Department of Anesthesiology, Washington University School of Medicine in Saint Louis, Saint Louis, Missouri, USA
Division of Biostatistics, Washington University in St Louis School of Medicine, Saint Louis, Missouri, USA.
BMJ Qual Saf. 2021 Sep;30(9):755-763. doi: 10.1136/bmjqs-2020-012298. Epub 2020 Dec 7.
To determine whether intraoperative handover of patient care from one anaesthesia clinician to another was associated with an increased risk of adverse postoperative outcomes during paediatric surgeries.
DESIGN, SETTING AND PARTICIPANTS: A retrospective, population-based cohort study (1 April 2013-1 June 2018) at an academic medical centre.
Intraoperative handover of care between pairs of anaesthesia clinicians from one care provider to another compared with no handover of anaesthesia care.
The primary outcome was a composite of all-cause mortality and major postoperative morbidity within 30 days after surgery. Secondary outcomes included individual components of the primary outcome and 30-day hospital readmission. Inverse probability of exposure weighting using propensity scores for intraoperative handovers was calculated.

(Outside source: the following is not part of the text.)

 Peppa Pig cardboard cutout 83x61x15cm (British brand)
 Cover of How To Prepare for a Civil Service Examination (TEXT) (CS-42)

Weighted logistic regression was used to determine the association between intraoperative anaesthesia handovers and outcomes.
78 321 paediatric surgical cases (n=5411 with handovers) were included for analysis. Patients were predominantly male (56.5%) with a median age of 6.56 (IQR: 2.65-12.53) years and a median anaesthesia duration of 76 (IQR: 55-126) min. In the weighted sample, the odds of the primary outcome (OR: 0.92; 95% CI 0.75 to 1.13; p=0.43), any morbidity (OR: 0.93; 95% CI 0.75 to 1.16; p=0.515), all-cause mortality (OR: 0.8; 95% CI 0.37 to 1.73; p=0.565) or 30-day readmission following surgery (OR: 0.99; 95% CI 0.84 to 1.18; p=0.95) did not significantly differ among surgeries with and without handovers.
Among paediatric patients undergoing surgery, intraoperative anaesthesia handovers were not associated with adverse postoperative outcomes, after accounting for relevant covariates. These findings provide a preliminary perspective on the role of intraoperative handovers as a care-neutral event, with implications for improving safety.
确定在小儿外科手术中,麻醉医师之间的术中交接是否会增加术后不良结局的风险。
设计、设置和参与者:一项回顾性、基于人群的队列研究(2013 年 4 月 1 日至 2018 年 6 月 1 日)在一家学术医疗中心进行。
麻醉医师之间的术中交接(与一名医护人员相比)。
主要结果是手术 30 天内所有原因死亡和主要术后并发症的综合结果。次要结果包括主要结果的单个组成部分和 30 天的医院再入院。使用倾向评分对术中交接进行逆概率暴露加权。使用加权逻辑回归确定术中麻醉交接与结局之间的关联。
共纳入 78321 例小儿外科手术(5411 例有交接)进行分析。患者主要为男性(56.5%),中位年龄为 6.56 岁(IQR:2.65-12.53 岁),中位麻醉时间为 76 分钟(IQR:55-126 分钟)。在加权样本中,主要结局(OR:0.92;95%CI 0.75 至 1.13;p=0.43)、任何发病率(OR:0.93;95%CI 0.75 至 1.16;p=0.515)、全因死亡率(OR:0.8;95%CI 0.37 至 1.73;p=0.565)或术后 30 天再入院(OR:0.99;95%CI 0.84 至 1.18;p=0.95)的手术在有无交接之间无显著差异。
在接受手术的小儿患者中,考虑到相关协变量后,术中交接与术后不良结局无关。这些发现初步表明术中交接是一种中立的护理事件,对提高安全性具有重要意义。